(Records excerpted from a collection)

********************

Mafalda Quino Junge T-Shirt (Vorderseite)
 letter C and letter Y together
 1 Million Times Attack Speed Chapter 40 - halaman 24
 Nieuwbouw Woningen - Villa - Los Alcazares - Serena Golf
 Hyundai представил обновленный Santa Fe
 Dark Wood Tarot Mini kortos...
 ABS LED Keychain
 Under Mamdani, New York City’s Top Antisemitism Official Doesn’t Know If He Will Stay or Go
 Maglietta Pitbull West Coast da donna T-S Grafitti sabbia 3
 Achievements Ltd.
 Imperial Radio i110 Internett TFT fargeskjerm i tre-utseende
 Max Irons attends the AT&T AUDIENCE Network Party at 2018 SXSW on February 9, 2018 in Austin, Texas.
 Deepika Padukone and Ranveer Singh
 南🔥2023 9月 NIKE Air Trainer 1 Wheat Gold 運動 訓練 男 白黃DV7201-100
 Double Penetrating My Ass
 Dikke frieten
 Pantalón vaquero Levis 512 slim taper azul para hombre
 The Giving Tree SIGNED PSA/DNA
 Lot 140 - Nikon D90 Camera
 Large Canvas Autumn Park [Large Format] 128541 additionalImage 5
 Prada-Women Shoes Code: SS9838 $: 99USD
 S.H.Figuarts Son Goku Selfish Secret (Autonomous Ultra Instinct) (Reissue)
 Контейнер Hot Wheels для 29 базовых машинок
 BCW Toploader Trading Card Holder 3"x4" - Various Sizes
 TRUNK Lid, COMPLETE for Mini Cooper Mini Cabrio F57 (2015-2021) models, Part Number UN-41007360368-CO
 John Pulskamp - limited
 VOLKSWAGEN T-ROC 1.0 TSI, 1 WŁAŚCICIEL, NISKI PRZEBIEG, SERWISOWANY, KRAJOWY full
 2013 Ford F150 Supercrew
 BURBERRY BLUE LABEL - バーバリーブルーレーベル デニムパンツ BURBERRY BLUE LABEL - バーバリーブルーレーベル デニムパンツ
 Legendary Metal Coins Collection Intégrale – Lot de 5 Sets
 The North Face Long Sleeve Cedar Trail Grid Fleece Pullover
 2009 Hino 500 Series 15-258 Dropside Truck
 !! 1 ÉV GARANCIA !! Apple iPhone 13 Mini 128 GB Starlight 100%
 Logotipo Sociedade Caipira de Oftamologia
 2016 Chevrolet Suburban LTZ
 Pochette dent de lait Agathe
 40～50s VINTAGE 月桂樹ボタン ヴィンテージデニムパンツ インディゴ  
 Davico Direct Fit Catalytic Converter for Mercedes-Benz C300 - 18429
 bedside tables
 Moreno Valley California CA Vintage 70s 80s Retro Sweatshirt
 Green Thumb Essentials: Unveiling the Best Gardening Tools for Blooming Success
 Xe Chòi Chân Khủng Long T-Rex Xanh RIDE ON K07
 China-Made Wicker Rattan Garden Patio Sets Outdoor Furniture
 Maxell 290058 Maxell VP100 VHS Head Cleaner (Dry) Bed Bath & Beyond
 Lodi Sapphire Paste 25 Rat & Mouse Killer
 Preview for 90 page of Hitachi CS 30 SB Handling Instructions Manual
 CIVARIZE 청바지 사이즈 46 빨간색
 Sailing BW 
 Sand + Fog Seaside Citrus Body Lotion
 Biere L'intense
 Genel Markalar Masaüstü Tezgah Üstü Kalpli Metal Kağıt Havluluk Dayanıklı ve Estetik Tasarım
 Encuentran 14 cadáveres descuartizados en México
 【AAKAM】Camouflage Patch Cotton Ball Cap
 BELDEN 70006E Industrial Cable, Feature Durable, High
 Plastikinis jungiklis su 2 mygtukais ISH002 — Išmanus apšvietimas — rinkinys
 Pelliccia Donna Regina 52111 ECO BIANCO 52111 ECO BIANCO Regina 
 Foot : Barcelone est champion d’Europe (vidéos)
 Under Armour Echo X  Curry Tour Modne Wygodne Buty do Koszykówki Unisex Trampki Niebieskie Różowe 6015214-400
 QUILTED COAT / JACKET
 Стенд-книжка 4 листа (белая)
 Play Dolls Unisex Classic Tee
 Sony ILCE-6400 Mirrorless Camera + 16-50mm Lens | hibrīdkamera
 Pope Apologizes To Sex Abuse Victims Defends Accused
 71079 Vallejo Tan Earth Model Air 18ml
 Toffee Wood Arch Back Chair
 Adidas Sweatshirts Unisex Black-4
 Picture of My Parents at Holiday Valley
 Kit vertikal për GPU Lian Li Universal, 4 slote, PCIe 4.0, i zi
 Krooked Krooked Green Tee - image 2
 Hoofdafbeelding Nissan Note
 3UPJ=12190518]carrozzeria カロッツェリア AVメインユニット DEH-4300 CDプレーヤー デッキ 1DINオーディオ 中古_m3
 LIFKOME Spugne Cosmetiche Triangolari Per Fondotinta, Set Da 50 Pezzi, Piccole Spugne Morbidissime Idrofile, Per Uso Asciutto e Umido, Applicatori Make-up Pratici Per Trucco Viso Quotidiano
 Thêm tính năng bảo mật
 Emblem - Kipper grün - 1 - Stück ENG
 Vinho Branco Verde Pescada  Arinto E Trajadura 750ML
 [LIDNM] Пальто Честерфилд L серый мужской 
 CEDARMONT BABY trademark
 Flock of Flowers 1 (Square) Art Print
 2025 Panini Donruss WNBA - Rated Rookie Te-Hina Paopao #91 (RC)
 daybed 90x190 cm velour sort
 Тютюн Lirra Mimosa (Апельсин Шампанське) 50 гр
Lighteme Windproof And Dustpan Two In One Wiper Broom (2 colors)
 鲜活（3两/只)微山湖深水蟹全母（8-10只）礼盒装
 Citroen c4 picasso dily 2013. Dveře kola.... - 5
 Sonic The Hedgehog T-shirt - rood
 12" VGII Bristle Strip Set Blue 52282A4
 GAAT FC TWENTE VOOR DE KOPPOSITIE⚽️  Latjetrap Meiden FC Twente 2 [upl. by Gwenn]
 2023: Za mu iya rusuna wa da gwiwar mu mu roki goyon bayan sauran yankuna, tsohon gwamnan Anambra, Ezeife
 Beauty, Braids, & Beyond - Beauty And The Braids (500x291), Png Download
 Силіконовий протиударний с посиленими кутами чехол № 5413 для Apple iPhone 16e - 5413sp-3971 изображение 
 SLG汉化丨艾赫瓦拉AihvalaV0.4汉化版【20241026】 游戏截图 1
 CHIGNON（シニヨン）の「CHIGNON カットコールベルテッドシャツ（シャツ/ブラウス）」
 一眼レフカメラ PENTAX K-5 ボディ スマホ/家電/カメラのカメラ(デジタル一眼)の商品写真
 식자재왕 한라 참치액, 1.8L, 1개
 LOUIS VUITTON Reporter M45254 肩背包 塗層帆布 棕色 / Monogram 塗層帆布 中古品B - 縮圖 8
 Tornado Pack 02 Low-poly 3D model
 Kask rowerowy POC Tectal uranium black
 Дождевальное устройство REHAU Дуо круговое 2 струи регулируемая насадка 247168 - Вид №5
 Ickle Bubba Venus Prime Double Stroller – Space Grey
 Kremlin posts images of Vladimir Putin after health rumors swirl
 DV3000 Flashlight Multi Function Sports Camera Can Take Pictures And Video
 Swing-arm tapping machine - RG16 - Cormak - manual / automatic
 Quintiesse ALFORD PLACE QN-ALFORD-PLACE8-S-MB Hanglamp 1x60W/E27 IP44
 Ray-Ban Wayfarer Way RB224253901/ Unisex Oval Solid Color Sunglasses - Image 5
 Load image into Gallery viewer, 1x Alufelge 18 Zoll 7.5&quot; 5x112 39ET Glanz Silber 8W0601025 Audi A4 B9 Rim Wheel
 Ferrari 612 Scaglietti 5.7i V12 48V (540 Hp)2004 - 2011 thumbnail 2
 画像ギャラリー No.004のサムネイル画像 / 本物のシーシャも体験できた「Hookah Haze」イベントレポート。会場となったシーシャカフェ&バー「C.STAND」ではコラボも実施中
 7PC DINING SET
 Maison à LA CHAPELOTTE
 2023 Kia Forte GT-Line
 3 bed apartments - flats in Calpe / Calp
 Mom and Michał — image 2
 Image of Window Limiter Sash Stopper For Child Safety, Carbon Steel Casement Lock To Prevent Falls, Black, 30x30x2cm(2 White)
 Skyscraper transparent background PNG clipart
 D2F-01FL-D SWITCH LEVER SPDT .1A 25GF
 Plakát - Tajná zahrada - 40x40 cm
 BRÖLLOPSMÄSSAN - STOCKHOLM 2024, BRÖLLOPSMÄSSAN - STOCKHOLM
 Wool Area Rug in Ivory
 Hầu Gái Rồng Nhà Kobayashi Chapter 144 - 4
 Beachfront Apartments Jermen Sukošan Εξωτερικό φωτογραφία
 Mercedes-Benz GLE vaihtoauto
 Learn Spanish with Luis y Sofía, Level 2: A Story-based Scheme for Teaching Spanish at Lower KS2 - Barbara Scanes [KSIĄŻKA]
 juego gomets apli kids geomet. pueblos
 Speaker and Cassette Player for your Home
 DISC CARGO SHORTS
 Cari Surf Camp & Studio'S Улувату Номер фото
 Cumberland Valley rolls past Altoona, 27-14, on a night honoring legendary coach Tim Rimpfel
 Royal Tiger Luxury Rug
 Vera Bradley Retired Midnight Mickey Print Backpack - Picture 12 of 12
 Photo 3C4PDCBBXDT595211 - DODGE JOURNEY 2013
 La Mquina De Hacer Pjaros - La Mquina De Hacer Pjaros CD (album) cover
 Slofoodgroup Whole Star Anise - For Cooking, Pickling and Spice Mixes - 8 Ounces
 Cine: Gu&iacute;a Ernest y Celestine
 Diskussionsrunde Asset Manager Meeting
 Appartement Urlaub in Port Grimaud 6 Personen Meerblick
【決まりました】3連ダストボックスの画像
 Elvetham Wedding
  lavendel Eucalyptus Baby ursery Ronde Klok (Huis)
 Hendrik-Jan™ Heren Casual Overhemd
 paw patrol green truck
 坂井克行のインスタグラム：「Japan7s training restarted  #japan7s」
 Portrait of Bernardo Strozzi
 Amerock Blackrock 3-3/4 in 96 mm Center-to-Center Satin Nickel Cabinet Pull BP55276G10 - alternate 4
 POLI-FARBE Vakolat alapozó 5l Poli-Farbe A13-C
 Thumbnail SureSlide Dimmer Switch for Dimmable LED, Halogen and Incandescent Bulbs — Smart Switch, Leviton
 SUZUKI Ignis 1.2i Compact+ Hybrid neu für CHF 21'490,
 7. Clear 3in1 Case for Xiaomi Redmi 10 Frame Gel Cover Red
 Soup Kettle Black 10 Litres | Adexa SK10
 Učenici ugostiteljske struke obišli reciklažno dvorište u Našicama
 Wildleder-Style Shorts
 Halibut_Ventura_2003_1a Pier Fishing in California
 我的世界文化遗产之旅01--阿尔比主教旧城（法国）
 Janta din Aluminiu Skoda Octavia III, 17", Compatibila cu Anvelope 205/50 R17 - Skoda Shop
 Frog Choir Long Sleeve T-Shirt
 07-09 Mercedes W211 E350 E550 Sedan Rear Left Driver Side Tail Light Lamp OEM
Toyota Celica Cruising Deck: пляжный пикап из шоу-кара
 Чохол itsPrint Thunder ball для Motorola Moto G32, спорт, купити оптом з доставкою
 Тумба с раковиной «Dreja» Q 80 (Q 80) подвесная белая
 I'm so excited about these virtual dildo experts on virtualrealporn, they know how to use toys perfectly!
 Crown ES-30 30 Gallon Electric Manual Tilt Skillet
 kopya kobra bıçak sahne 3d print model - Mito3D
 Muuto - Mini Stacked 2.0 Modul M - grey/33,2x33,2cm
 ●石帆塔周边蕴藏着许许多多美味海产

********************

WHAT THE TASK ASKS:
Show all lines from the data above in which the word "Apple" appears.

OUTPUT OF THE EXERCISE:
 !! 1 ÉV GARANCIA !! Apple iPhone 13 Mini 128 GB Starlight 100%
 Силіконовий протиударний с посиленими кутами чехол № 5413 для Apple iPhone 16e - 5413sp-3971 изображение 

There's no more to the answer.